ADR-108: Agent Checkpoint and Handoff Protocol

Status

Proposed

Context

Problem Statement

Current agent handoff relies on implicit state (context window contents, git history). The Ralph Wiggum community has empirically validated that explicit, structured checkpoints are essential for:

  • Reliable recovery from failures
  • Clean context window transitions
  • Compliance audit trails
  • Cost attribution per task segment

Key Insight from Ralph Wiggum Analysis

"Single-context loops degrade; fresh-context iterations maintain quality."

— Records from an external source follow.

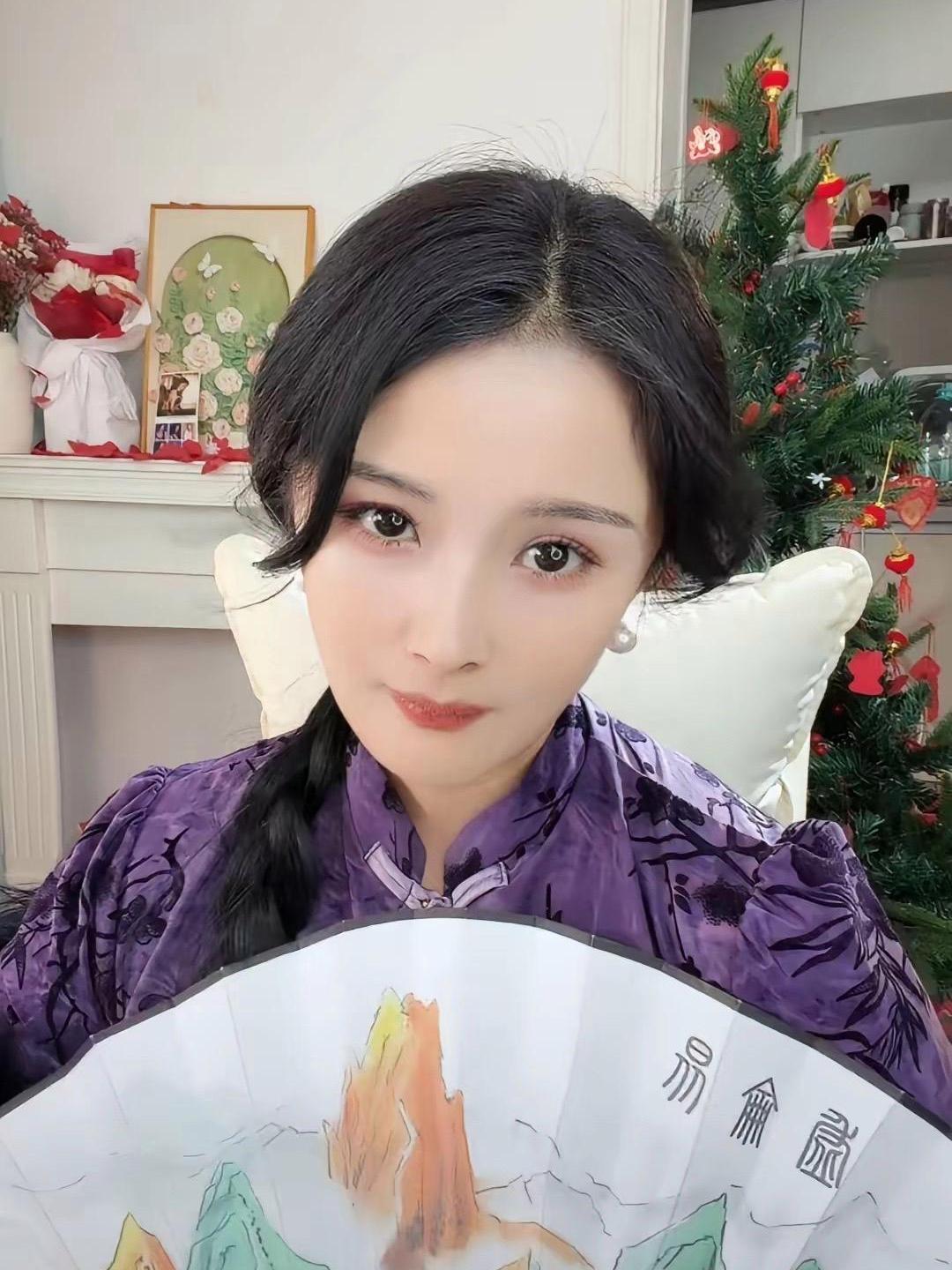 胖女变美女！128斤到85斤，浙江一姑娘瘦了43斤，网友炸锅：这哪是减肥，明明就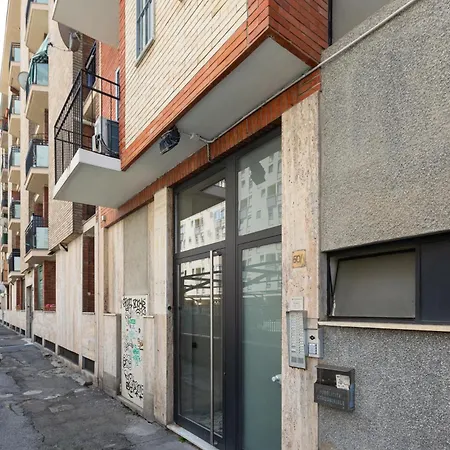 Forlanini M4 Modern Studio With Balcony Milan Exterior photo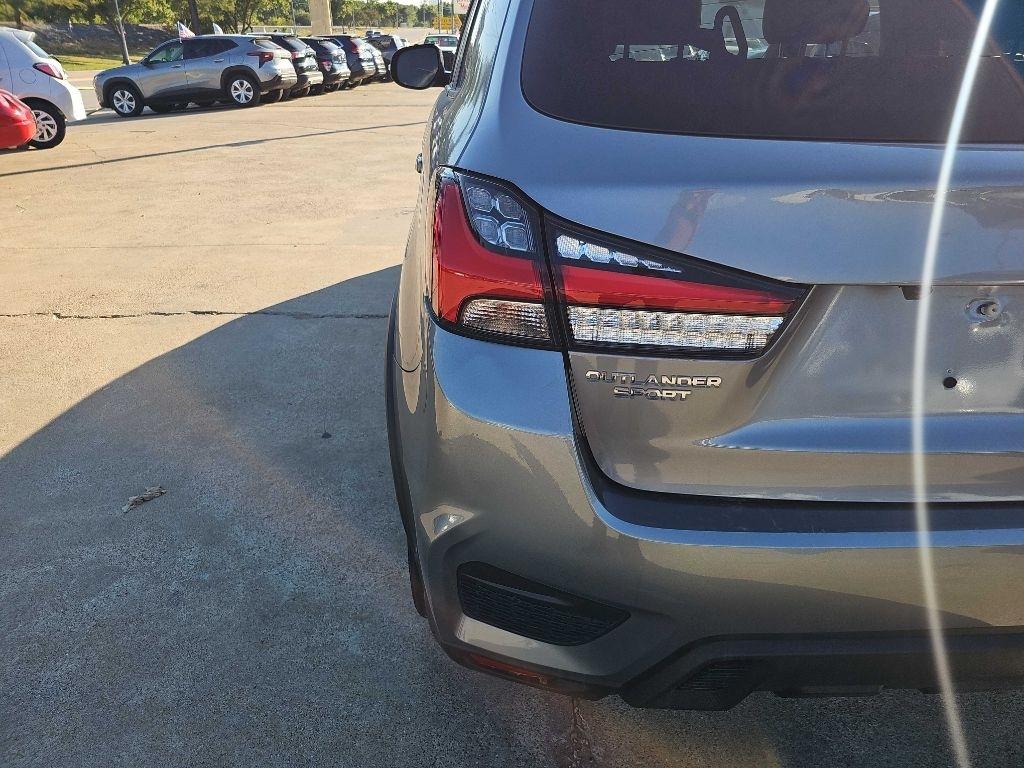 Mitsubishi Outlander Sport photo 9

The Ralph Wiggum technique demonstrates that autonomous agent loops work best when:

  1. Each iteration starts with a fresh context window
  2. State persists externally (not in the context)
  3. Handoff protocols are explicit and structured

Current State

  • Agents rely on context window for state (degrades over time)
  • No standardized handoff format between agent iterations
  • Recovery from failures requires manual intervention
  • No compliance audit trail for state transitions
  • Cost attribution per task segment is impossible

CODITECT Advantage

CODITECT's database-backed event-driven architecture is architecturally superior to the git-file-based state management used by Ralph implementations. This ADR formalizes a checkpoint protocol that leverages this advantage.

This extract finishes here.